Transcribe all records below exactly, without images.

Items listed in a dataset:

····················

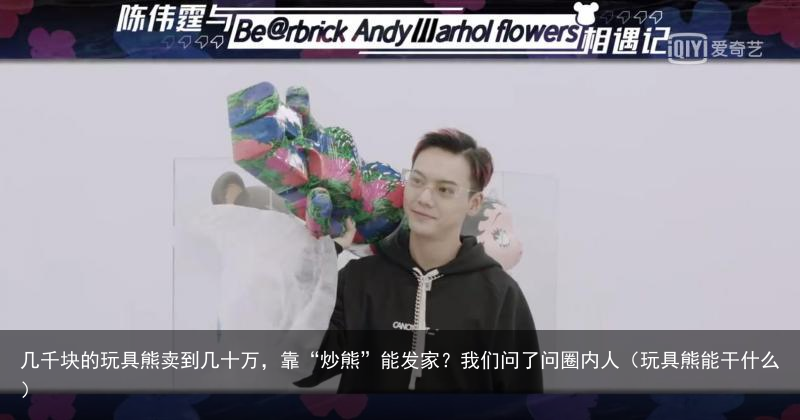 几千块的玩具熊卖到几十万，靠“炒熊”能发家？我们问了问圈内人（玩具熊能干什么）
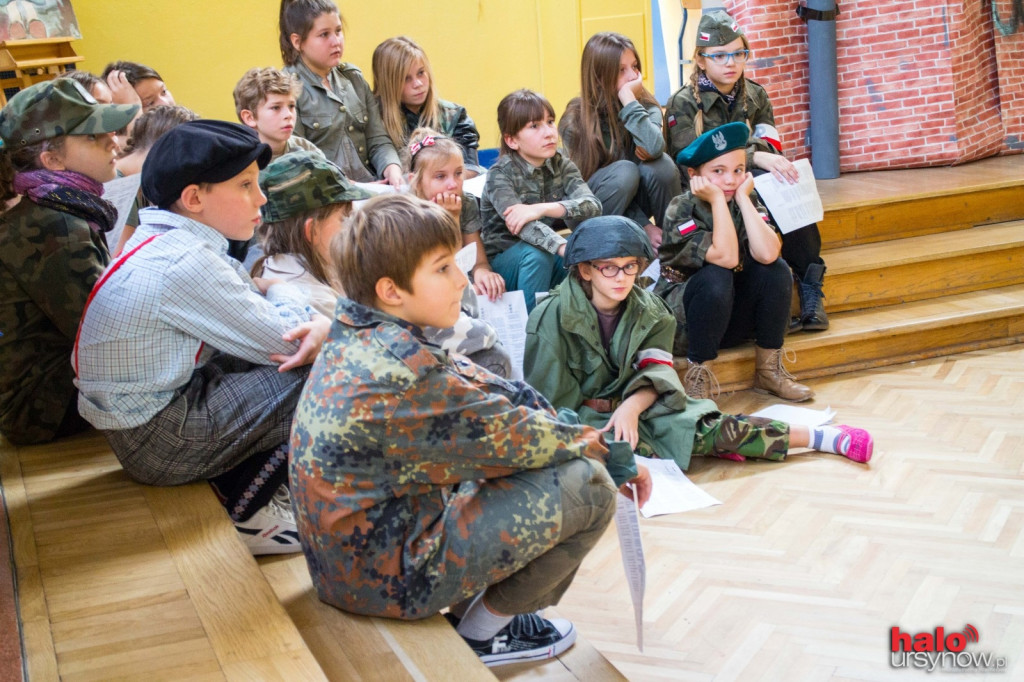 Świadek Powstania Warszawskiego w SP 81! FOTO
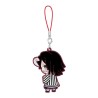 Porte-clés en caoutchouc Demon Slayer Capsule Rubber Mascot 10 Obanai Iguro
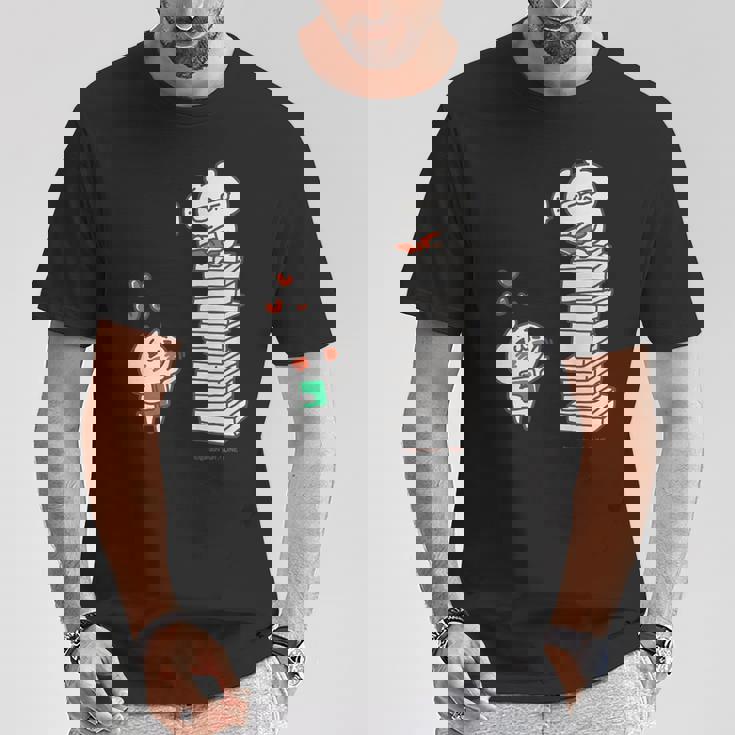 愛しすぎて大好きすぎる。 Book Tシャツ 面白い贈り物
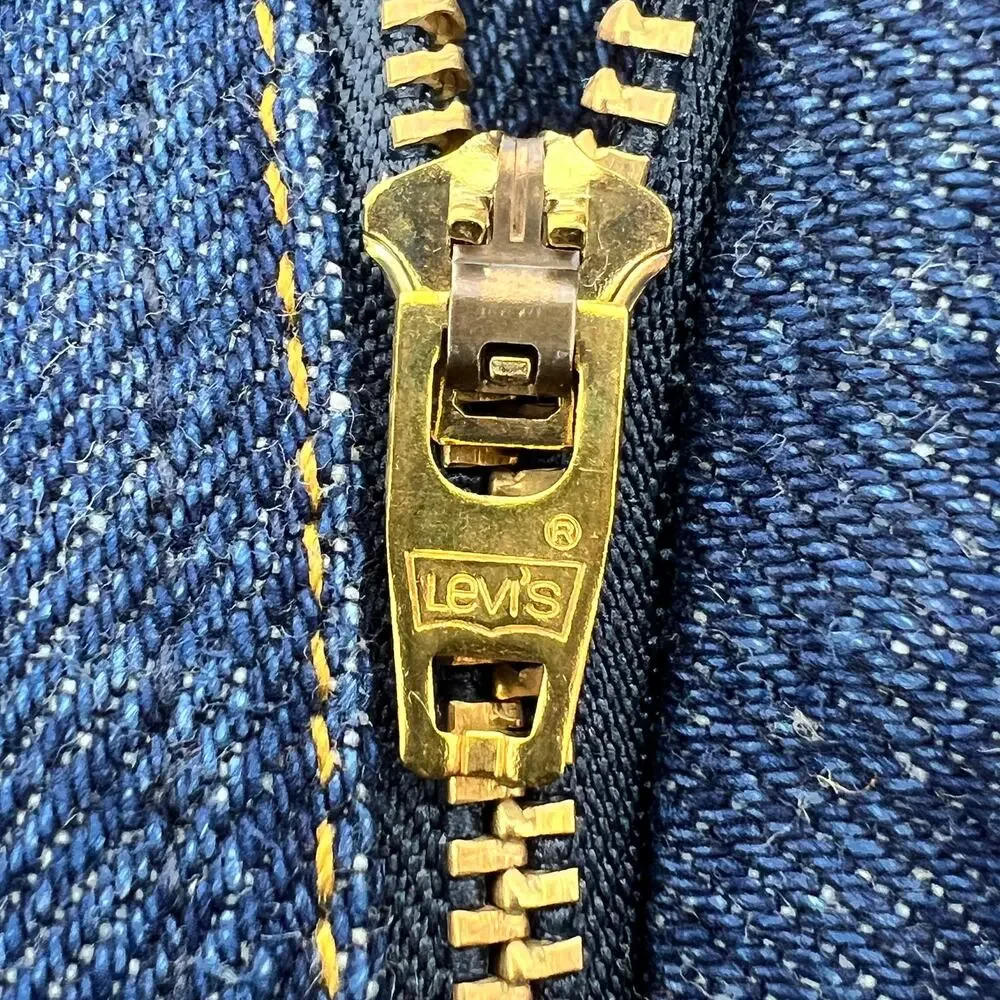 Vintage 80s Dead Stock Levi's 505 Jeans Size 30 x 32 GAP Tag NWT Straight Leg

····················

→ SOLUTION FOR THIS EXERCISE:
 几千块的玩具熊卖到几十万，靠“炒熊”能发家？我们问了问圈内人（玩具熊能干什么）
 Świadek Powstania Warszawskiego w SP 81! FOTO
 Porte-clés en caoutchouc Demon Slayer Capsule Rubber Mascot 10 Obanai Iguro
 愛しすぎて大好きすぎる。 Book Tシャツ 面白い贈り物
 Vintage 80s Dead Stock Levi's 505 Jeans Size 30 x 32 GAP Tag NWT Straight Leg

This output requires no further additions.